Ficha. Martes día 5 de febrero de 2019. Tarde nublada pero calurosa, plaza llena. Se lidiaron cuatro astados de la ganadería Puerto San Luis, divisa verde y blanco, bien presentados y encastados. Resultado Artístico: Freddy Villafuerte (Luto y Oro) Tres cuartos de estocada delantera, palmas. Cristóbal Pardo (Berenjena y Oro) Pinchazo y estocada entera, dos orejas. Fabio Castañeda (Luto y Oro) Tres avisos. David Fernández (Grana y Oro) Pinchazo y estocada caída, silencio. 


 El caballo peruano de paso, orgullo paijanero, en los prolegómenos del festejo en honor al Señor de los Milagros...

 Y el paseíllo, con cuatro toreros de alternativa y Freddy Villafuerte como único espada nacional.

 Tras el desfile, aficionados paijaneros se hicieron presente para defender el derecho a sus tradiciones.

 El 1° fue para Freddy Villafuerte, que aunque algo terciado, tuvo motor y nervio. El limeño cumplió resolviendo y haciendo el esfuerzo ante la poca clase del bicho.

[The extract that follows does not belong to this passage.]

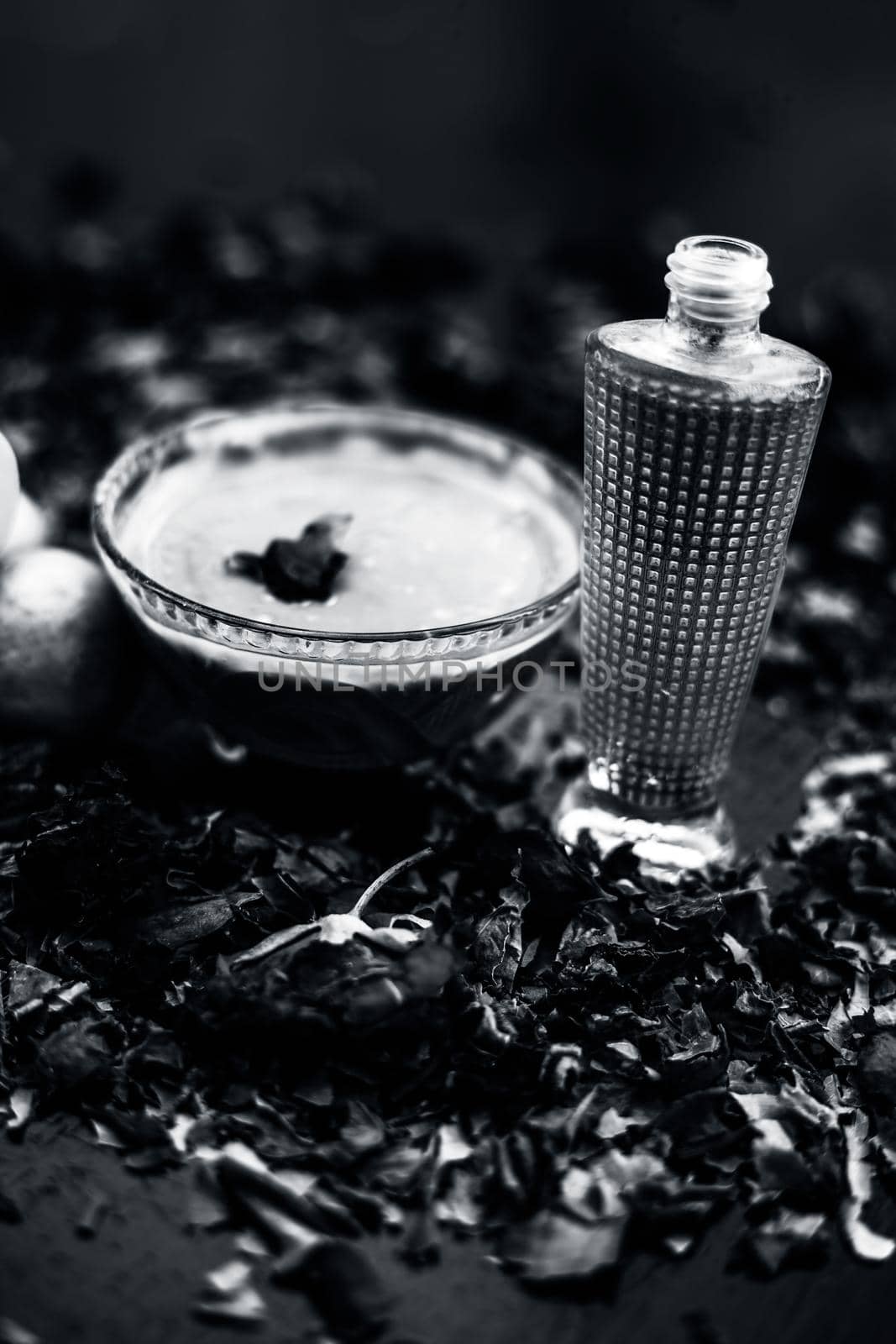 Neem or Indian Lilac face mask on the black wooden surface for oily skin consisting of neem leaves paste and lemon juice well mixed with rose water.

 El 2°, uno de los más bravos de la corrida, fue para el caldense Cristóbal Pardo, que se dobló como un pachá del toreo para quebrantar los arrestos del animal...

 Desengañándolo pronto para mandar él...

 Y hacer el toreo bueno sobre ambas manos, adornándose con mucha torería...

Y triunfando clamorosamente por partida doble. 

El 3° fue otro toro bravo que asustó a machos y a muchos... 

 Que arremetió contra la cabalgadura del buen Joseph empujando por abajo y metiendo los riñones. Lástima que nadie se atrevió y fue devuelto vivo a corrales.

 El 4° fue un bonito albahío que manseó en varas pero tuvo poder y sobre todo lidia...

 Tampoco lo quisieron ver y tras zarandear al valiente Tachuela...

El español David Fernández se le puso delante y apenas pudo tocarle los lados antes de pasaportarlo.